Local media reported a quieter night in Paris, where “a massive deployment of law enforcement forces deterred the slightest hint of confrontation or disruption”, the Le Monde newspaper said.
Despite this, there were still 120 arrests in the capital, with reports of burnt garbage and violent scuffles in the Les Halles district.
The 38-year-old officer involved in the shooting, who has said he fired the shot because he feared he and his colleague or someone else could be hit by the car, has been charged with voluntary homicide and placed in provisional detention.
Nahel is due to be buried in a ceremony on Saturday, according to the mayor of Nanterre, the Paris suburb where he lived and was killed. The family’s lawyers have asked journalists to stay away, saying it was “a day of reflection” for Nahel’s relatives.

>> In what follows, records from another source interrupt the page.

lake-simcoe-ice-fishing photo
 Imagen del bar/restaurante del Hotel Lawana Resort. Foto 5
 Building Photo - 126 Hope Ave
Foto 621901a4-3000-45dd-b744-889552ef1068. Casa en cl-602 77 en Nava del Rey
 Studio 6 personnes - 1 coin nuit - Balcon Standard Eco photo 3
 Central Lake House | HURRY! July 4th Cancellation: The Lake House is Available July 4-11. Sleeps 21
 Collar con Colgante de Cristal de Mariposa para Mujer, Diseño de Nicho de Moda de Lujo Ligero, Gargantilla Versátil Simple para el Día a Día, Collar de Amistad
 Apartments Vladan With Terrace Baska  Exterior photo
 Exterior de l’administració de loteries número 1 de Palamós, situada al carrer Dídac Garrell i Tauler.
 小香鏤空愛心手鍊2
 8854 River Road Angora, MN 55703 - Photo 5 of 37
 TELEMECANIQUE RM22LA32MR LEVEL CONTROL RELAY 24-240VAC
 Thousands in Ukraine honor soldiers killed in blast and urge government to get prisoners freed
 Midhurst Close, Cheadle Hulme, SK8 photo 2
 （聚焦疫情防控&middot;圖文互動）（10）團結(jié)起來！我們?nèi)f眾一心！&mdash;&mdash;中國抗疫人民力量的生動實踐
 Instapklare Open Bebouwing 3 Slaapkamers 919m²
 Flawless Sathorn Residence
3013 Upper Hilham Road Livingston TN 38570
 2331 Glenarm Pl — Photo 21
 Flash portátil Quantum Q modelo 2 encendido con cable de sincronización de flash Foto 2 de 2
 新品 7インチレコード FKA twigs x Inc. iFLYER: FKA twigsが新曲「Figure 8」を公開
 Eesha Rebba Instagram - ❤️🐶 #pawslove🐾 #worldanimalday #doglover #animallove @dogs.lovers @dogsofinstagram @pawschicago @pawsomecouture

Mayor Patrick Jarry said: “There’s a feeling of injustice in many residents’ minds, whether it’s about school achievement, getting a job, access to culture, housing and other life issues … I believe we are in that moment when we need to face the urgency [of the situation].”
Speaking in Mantes-la-Jolie, Darmanin highlighted the young age of many of those taking part in demonstrations.
“I do not confuse the few hundred, the few thousand delinquents, often very young unfortunately, with the vast majority of our compatriots who live in working-class neighbourhoods, who want to work and educate their children,” he said.
The French football team urged an end to the violence on Friday night.
“The time of violence must give way to that of mourning, dialogue and reconstruction,” the team said in a statement posted on social media by their captain, Kylian Mbappé.
The team said they were “shocked by the brutal death of young Nahel” but asked that violence give way to “other peaceful and constructive ways of expressing oneself”.
The French president, Emmanuel Macron, left a European Union summit in Brussels early on Friday to attend a crisis meeting. He urged parents to keep their children at home and accused social media companies of playing a “considerable role”, saying violence was being organised online. He asked platforms such as Snapchat and TikTok to remove sensitive content.
Macron is under mounting pressure from rightwing parties to declare a state of emergency, which would give authorities extra powers to ban demonstrations and limit free movement.
Asked on Friday night whether the government could declare a state of emergency, Darmanin said: “We’re not ruling out any hypothesis and we’ll see after tonight what the president of the republic chooses.”
Darmanin said on Saturday he was cautious about such an order, which “has been called four times in 60 years”.
Analysts said the government was desperate to avoid a repeat of 2005, when a state of emergency was declared after the death of two boys of African origin in a police chase sparked three weeks of rioting.